- Written by: Erik Patterson Jessica Scott Claire Boyles Zac Hug
- Directed by: Sean McNamara
- Starring: Kimberly Williams-Paisley Ashley Williams
- Countries of origin: United States Canada
- Original language: English
- No. of episodes: 2 (list of episodes)

Production
- Executive producers: Neal Dodson Ashley Williams Kimberly Williams-Paisley
- Producer: David M. Wulf
- Cinematography: Jeremy Prusso

Original release
- Network: Hallmark Channel
- Release: December 5 – December 12, 2021

= Sister Swap =

Film series

Sister Swap is an American series of TV films, starring sisters Kimberly Williams-Paisley and Ashley Williams. They were filmed at the Tower Theatre and other locations in Salt Lake City. They were originally broadcast on Hallmark Channel, as part of the channel's "Countdown to Christmas" seasonal programming.

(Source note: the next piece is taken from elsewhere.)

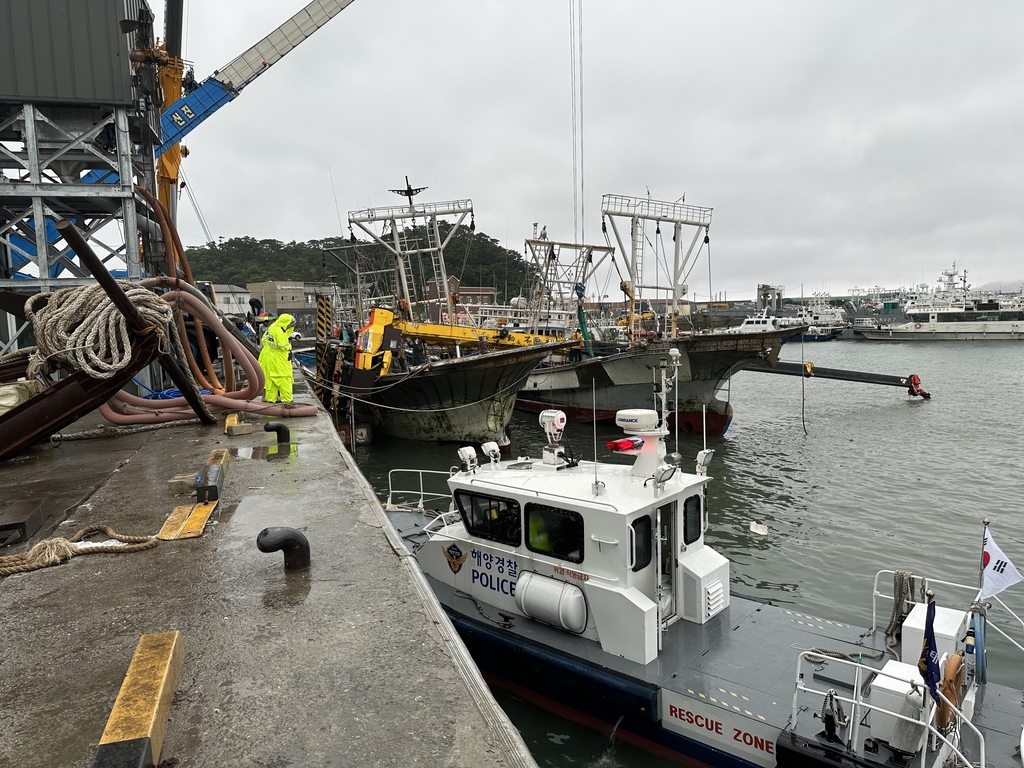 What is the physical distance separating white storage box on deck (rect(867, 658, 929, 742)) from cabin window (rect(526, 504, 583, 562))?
2444 mm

In December 2022, Dan Harmon posted on social media that he found both films to be the same film with much the same dialogue and scenes, but with different edits and some scenes shot from different angles. Williams-Paisley responded that Hallmark had let the crew enact her sister Ashley Williams's "idea of two films that take place in the same time frame and sometimes overlap", and producer Neal Dodson explained that "We had one editor and edited them in tandem. They share 9 scenes, with different edits to those scenes that favour whichever sister's movie it is."

==Main cast==

| Character | Sister Swap |  |
| A Hometown Holiday | Christmas in the City |
| Jennifer Swift | Kimberly Williams-Paisley |  |
| Meg Swift | Ashley Williams |  |
| Joe | Keith Robinson |  |
| Simon | Jacob Buster |  |
| Debbie | Anna Holbrook |  |
| Uncle Dave | Kevin Nealon |  |
| Eric Baker | Mark Deklin | not in film |
| Barb Hutter | Susan Yeagley | not in film |
| Tree Lot Worker | not in film | Bryan Bernardi |

==Films==

| No. | Title | Directed by | Written by | Original release date |
|---|---|---|---|---|
| 1 | "Sister Swap: A Hometown Holiday" | Sean McNamara | Erik Patterson, Jessica Scott, Claire Boyles & Zac Hug | December 5, 2021 |
| 2 | "Sister Swap: Christmas in the City" | Sean McNamara | Erik Patterson, Jessica Scott, Claire Boyles & Zac Hug | December 12, 2021 |

==Production and filming==
On September 22, 2021, Hallmark announced that the movie series would be part of Hallmark Channel's 2021 "Countdown to Christmas" season block.

==Release==
Sister Swap: A Hometown Holiday premiered on Hallmark Channel on December 5, 2021.

Sister Swap: Christmas in the City premiered on Hallmark Channel on December 12, 2021.